─── EXCERPTED RECORDS

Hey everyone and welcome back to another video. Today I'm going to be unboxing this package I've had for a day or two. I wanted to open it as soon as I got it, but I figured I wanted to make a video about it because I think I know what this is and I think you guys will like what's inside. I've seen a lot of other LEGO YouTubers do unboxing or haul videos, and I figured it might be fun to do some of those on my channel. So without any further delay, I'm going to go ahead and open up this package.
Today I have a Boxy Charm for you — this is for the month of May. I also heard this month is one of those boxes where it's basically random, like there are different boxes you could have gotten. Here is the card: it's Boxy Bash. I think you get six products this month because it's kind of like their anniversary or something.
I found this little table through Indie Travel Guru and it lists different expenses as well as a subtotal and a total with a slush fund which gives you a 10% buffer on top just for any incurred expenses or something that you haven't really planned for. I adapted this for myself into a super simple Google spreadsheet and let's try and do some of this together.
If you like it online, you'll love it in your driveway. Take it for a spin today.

──────
─── EXCERPTED RECORDS

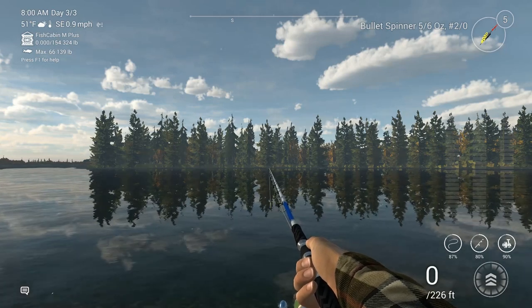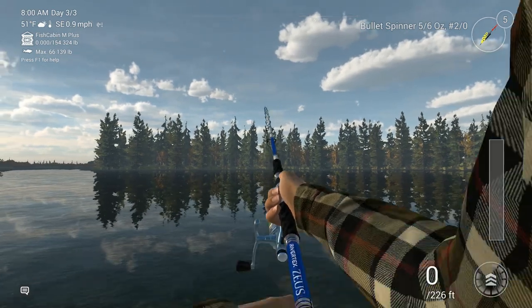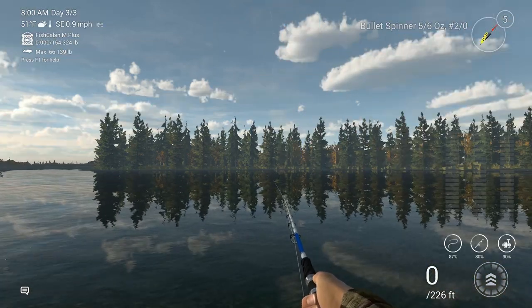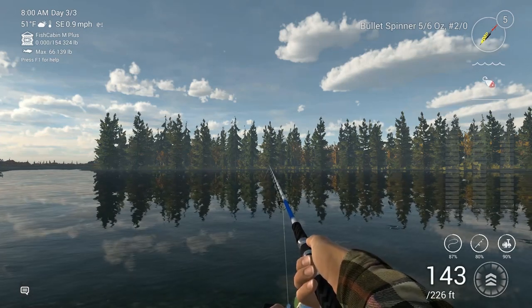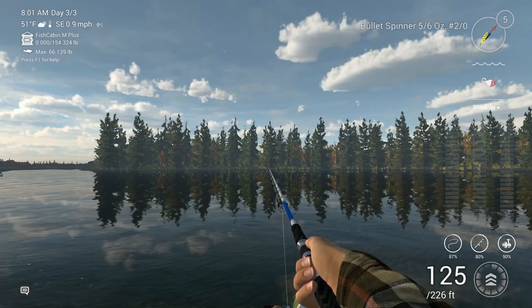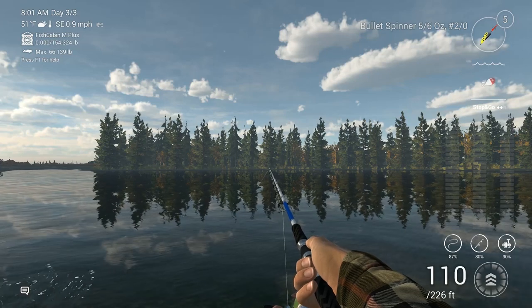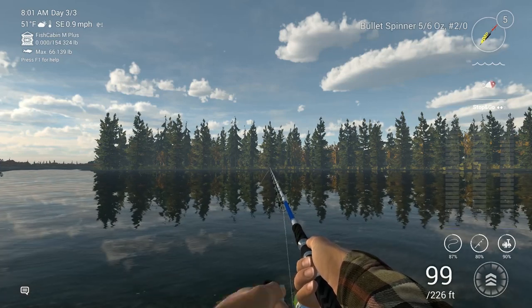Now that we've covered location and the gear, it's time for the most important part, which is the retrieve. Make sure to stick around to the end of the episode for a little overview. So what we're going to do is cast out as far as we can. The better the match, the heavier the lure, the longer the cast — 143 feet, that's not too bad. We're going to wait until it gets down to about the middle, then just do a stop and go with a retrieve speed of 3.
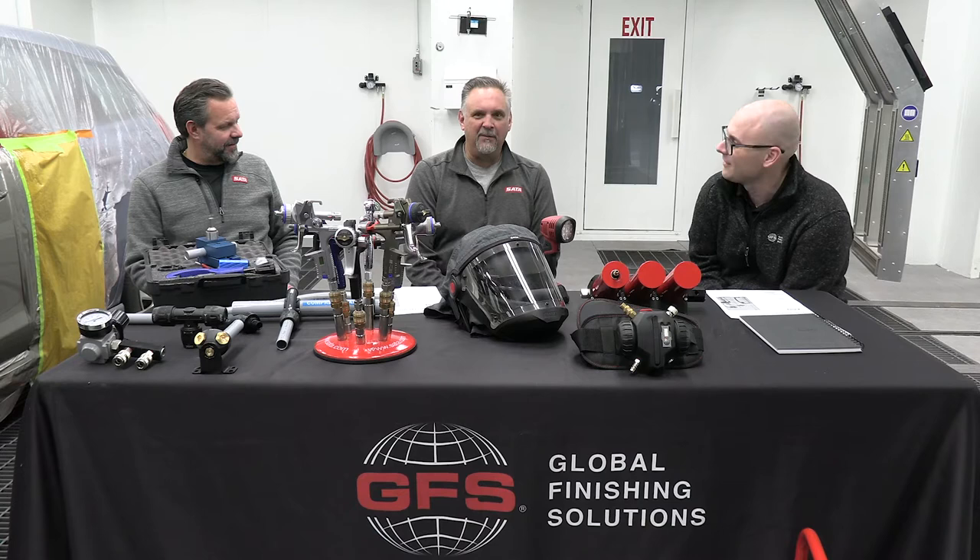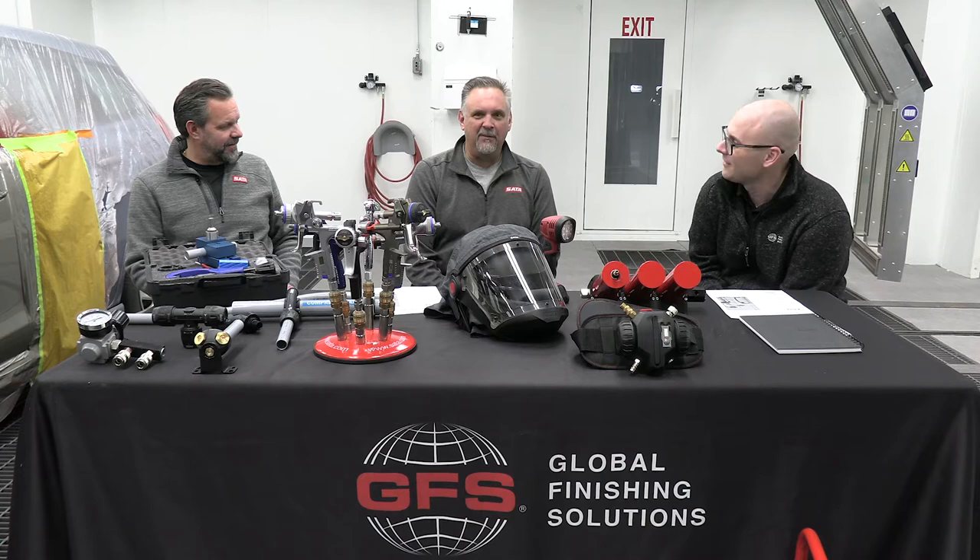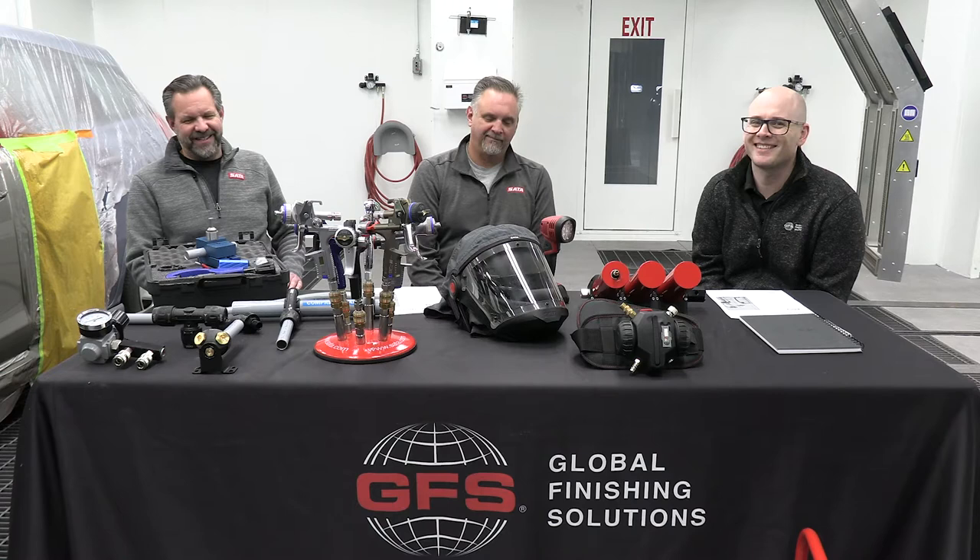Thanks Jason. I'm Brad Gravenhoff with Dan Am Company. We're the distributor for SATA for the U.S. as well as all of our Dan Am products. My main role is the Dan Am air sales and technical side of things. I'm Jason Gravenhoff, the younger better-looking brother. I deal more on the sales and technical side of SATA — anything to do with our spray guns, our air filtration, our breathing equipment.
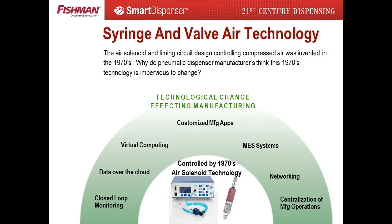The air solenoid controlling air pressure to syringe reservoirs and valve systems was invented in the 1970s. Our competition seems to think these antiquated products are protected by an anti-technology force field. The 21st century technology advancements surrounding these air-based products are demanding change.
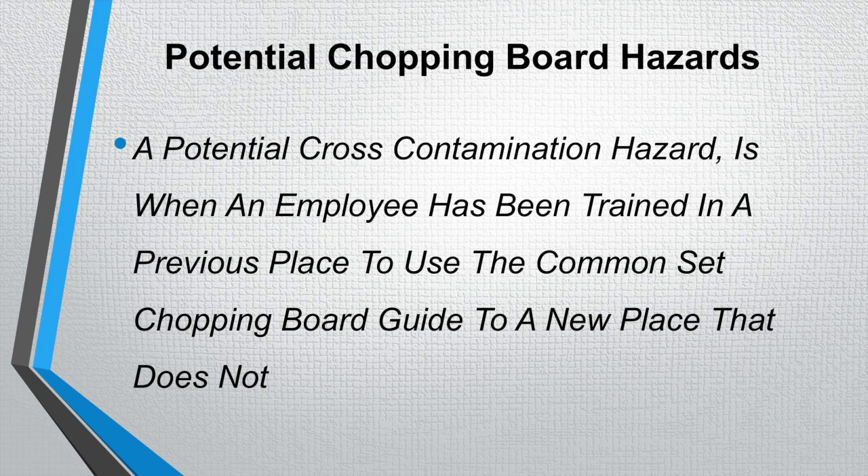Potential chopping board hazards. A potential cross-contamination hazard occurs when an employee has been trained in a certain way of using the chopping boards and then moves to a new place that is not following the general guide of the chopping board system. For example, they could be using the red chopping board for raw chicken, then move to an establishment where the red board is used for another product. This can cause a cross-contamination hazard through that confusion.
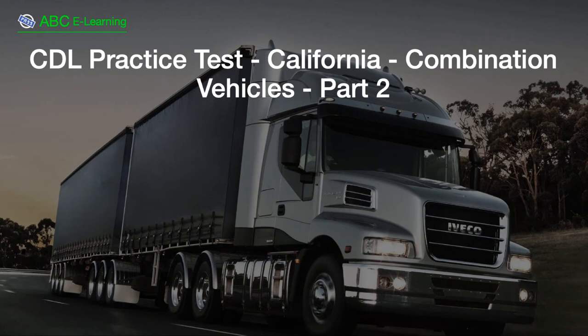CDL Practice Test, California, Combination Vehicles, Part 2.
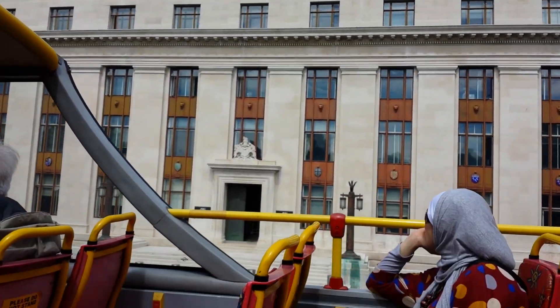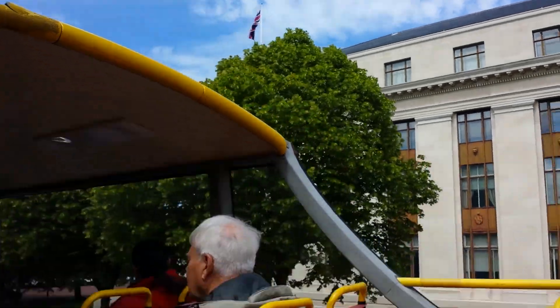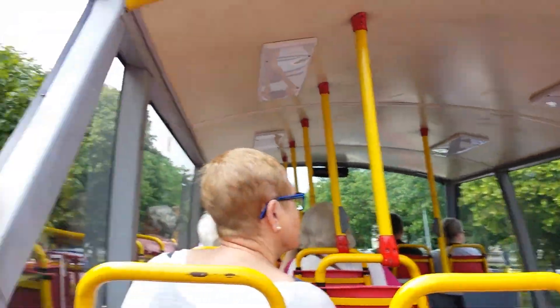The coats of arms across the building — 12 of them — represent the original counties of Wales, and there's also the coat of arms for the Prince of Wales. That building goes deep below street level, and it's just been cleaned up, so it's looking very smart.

──────

**WORK TO BE COMPLETED:** Show the lines of the records that contain the word "like".

**RESULT OF THIS EXERCISE:**
Hey everyone and welcome back to another video. Today I'm going to be unboxing this package I've had for a day or two. I wanted to open it as soon as I got it, but I figured I wanted to make a video about it because I think I know what this is and I think you guys will like what's inside. I've seen a lot of other LEGO YouTubers do unboxing or haul videos, and I figured it might be fun to do some of those on my channel. So without any further delay, I'm going to go ahead and open up this package.
Today I have a Boxy Charm for you — this is for the month of May. I also heard this month is one of those boxes where it's basically random, like there are different boxes you could have gotten. Here is the card: it's Boxy Bash. I think you get six products this month because it's kind of like their anniversary or something.
If you like it online, you'll love it in your driveway. Take it for a spin today.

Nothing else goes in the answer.